If you’re curious, by default Ubuntu 20.04 will give Nimbus Sans for Helvetica, DejaVu Serif for system-ui, DejaVu Sans for sans-serif, and Liberation Sans for Arial (on Firefox 75).

Then my debug cycle became:

  1. Edit the fonts.conf file.
  2. Reload the page in Firefox (you may have to close the tab and open a new one).
  3. Open the Firefox developer tools to the “Fonts” section.

Screenshot of Firefox DevTools showing the "fonts used" section

Using this technique, I could finally get GitHub (as well as some other sites) to better suit my tastes:

Screenshot of GitHub rendered in Liberation Sans

Here is a zoomed-in before and after (Nimbus Sans on top, Liberation Sans on bottom):

Screenshot comparing Liberation Sans to Nimbus Sans in GitHub

Hopefully this blog post is helpful to someone else trying to figure out fontconfig.
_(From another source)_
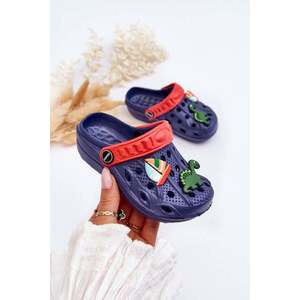 Dětské pěnové lehké sandály Crocs námořnická modrá Sweets obraz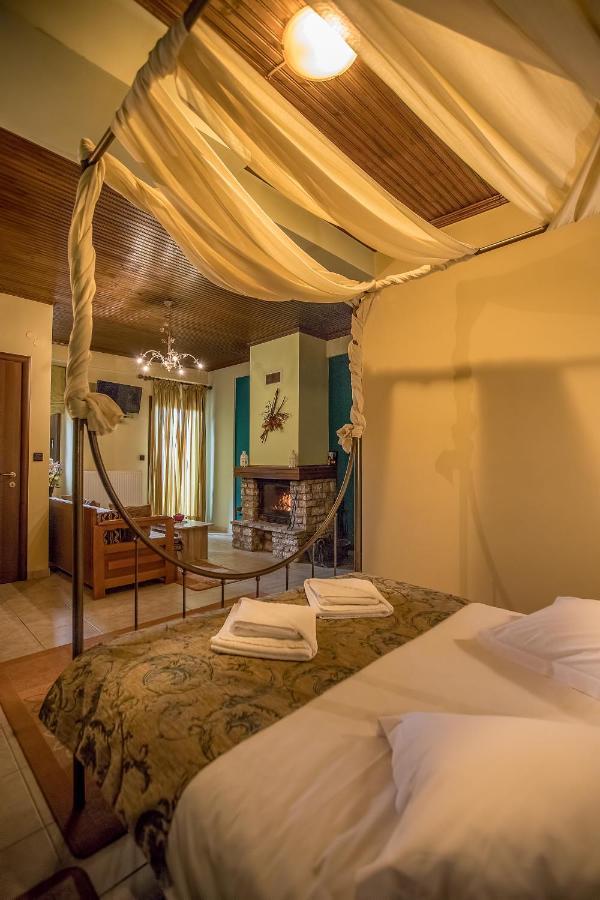Kynthia Guesthouse Неохори Екстериор снимка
Good luck!

Notes

This research upended my understanding of how font-family works in CSS. I figured that if a website declares font-family: Helvetica, sans-serif, then it will fall back to sans-serif if Helvetica doesn’t exist on the user’s OS. But given that the OS can lie about which fonts it supports (and thus choose “Helvetica”), this can really change how fonts render.

Apparently fc-match Helvetica is supposed to show which font fontconfig chooses for Helvetica. This didn’t work for me. Running this command (with or without sudo) would always return “Nimbus Sans,” regardless of what Firefox was showing. Clearing the cache with fc-cache -rv also had no effect. Go figure.

Also, the Firefox font settings (Preferences → Fonts and Colors) don’t work. Well, maybe they work for choosing the default sans-serif font, but they don’t help if a website’s CSS explicitly lists Helvetica first. (As they often do, which is perhaps a testament to the Mac-centrism of most web developers. I even found this pattern in my own website’s CSS, which probably dates back to when I was a Mac user.)

Also, be aware that Chrome uses its own system for managing fonts, different from Firefox’s. If you test Chrome, you’ll get different results.